Vanderbilt students overwhelmingly support conservation through hunting!

CFACT activists pose with the inflatable deer prior to asking students to sign it in support of hunting!

Vanderbilt students are no strangers to deer sightings with the university being nestled in Tennessee, but that didn’t stop some confused looks when a giant inflatable deer was spotted last week on campus as part of CFACT’s hunting through conservation outreach. One by one heads turned and students began making their way over to hear the explanation of the huge deer. 

Students signing the deer on their way to class!


“This is a great way to engage the student population on important issues like hunting,” said Associate Director of Collegians Graham Beduze. “Many were quick to sign the deer and join CFACT in supporting hunters rights and conservation through animal population control.”
Others were a bit hesitant to sign as they saw humans as a problem for the environment instead of the solution. In response, CFACT also distributed info cards explaining the need for mankind’s stewardship of the environment as well as the many positives hunting provides in the fields of stopping the spread of disease and protecting crops.

CFACT’s hunting handout!

The students who hunted or grew up hunting were thankful for the event as they felt their peers and professors (many of which don’t hunt or know very little about the subject) paint hunting in a negative light. These professors argue for nature to just sort itself out, a common talking point made by many in the green movement.  CFACT aims to combat this notion on the campus and instead explain why the free market and individual responsibility are the best solutions to preserve our diverse environment and the many animals that are apart of it.

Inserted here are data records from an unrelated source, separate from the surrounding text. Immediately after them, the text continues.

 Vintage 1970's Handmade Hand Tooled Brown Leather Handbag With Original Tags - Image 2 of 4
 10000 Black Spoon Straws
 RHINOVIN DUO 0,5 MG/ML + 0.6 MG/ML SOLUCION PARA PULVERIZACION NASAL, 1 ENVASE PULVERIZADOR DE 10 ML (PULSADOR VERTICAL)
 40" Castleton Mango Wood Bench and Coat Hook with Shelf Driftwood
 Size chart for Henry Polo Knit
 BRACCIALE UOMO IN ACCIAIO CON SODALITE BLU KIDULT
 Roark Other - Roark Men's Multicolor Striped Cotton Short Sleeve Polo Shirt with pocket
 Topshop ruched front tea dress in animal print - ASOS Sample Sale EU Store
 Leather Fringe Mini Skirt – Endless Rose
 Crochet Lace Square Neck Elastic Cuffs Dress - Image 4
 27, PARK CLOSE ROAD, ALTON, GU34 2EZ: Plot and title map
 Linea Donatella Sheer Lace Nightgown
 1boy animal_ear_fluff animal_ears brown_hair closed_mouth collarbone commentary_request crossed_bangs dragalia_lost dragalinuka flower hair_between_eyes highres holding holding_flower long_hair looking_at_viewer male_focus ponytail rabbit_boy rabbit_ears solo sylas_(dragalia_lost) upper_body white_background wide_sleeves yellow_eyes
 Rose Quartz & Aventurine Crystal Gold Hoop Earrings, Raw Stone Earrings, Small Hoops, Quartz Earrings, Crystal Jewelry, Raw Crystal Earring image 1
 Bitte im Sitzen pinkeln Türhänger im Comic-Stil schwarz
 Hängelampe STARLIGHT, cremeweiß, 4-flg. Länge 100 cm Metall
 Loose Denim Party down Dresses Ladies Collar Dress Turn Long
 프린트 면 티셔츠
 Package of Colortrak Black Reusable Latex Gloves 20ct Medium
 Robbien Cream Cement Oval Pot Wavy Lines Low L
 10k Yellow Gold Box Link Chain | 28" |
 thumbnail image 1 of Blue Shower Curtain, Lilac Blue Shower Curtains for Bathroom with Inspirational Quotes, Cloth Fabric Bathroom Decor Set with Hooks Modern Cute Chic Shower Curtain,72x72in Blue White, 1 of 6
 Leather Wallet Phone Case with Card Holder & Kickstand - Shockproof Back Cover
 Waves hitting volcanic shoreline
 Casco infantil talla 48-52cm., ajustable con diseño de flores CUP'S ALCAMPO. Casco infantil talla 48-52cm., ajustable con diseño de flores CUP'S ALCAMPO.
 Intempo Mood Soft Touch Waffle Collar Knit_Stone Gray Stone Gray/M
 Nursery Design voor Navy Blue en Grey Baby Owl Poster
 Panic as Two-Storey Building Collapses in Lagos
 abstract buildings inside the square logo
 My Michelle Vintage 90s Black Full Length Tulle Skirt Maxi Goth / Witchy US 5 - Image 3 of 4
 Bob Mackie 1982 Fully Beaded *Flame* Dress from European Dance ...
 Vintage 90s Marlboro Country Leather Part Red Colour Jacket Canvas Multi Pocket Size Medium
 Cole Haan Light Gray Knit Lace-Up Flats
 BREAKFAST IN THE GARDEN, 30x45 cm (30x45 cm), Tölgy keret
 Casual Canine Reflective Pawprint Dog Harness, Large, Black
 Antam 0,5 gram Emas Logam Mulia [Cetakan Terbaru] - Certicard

Student hunter poses with deer!

For example, a type of antelope, the scimitar-horned oryx, is extinct in the wild but thriving on private ranches in Texas. Hunters pay big money for the opportunity to hunt the oryx on the ranches. That money is then used to fund the continued rehabilitation of the species, and eventually it will be reintroduced to the wild. If it wasn’t for game hunting, this species would have no hope.
Referring to the oryx, the Division of Fish and Wildlife said in 2012: “Hunting…provides an economic incentive to continue to breed these species…hunting reduces the threat of the species’ extinction.”
The conversation continued as some Vanderbilt students expressed the desire to host a speaker to come and make the case for hunting as well as a general free market and stewardship approach to the environment to their peers in the future.